Wyo4News staff, [email protected]

January 3, 2024 — At the January 2, 2024, Rock Springs City Council meeting, the council unanimously accepted a resolution accepting, approving, and establishing a City Council policy regarding decorum and civility during public meetings, which can be viewed here. It was decided that there would not be time limits put on public comments but rather rules set about how public comments are conducted.

Also at the meeting, Larry Hickerson was elected as the new Rock Springs City Council President, permission to seek bids on the repairs of the lockers at the Rock Springs Family Recreation Center, which were originally installed in 1985, was approved, and the council received a bid from Wyoming Sign in Mills, Wyoming, for the Wayfinding sign program for the amount of $815,330 with a bid bond.

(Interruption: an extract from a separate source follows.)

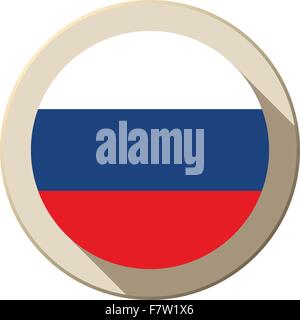 Russia Flag Button Icon Modern Stock Vector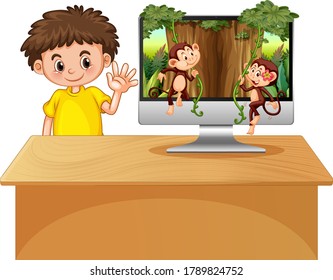 Jungle theme on computer background illustration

During the public comment period, Clark Stith, Wyoming House of Representatives representing District 48, addressed the council and spoke about several things, such as the $52 million extra dollars that are left over from the Direct American Rescue Plan Act to be available for the legislature to divvy up for water projects, broadband, tourism, or anything adversely impacted by the COVID-19 pandemic, Stith is also on a subcommittee of the Joint Appropriations committee to try and come up with an outline of how the state will divide that money up.

Stith spoke about how this Thursday and Friday will be Governor Gordon’s last task force meetings on the BLM’s Resource Management Plan. The Governor is hoping the task force will generate a report for Governor Gordon to submit the state’s recommendations and objections to the BLM Resource Management Plan.

Stith also spoke about a potential bill of his that would make it easier for existing downtown Rock Springs buildings to be brought up to code so that businesses can make use of the buildings in an economically viable way.

Stith then updated the council on some things he found in regard to the financing of the Bitter Creek Project and how, in 1924, the Union Pacific Coal Company and the City of Rock Springs were involved in the Bitter Creek Diversion Project as a joint venture despite the state’s position that the coal company was not involved in the project.

After Stith’s public comments, several members of the Rock Springs City Council thanked Stith for the work he has been doing regarding his efforts to improve downtown Rock Springs, the research he has done on the Bitter Creek Diversion Project, and for keeping them informed on what is happening in the State Legislature.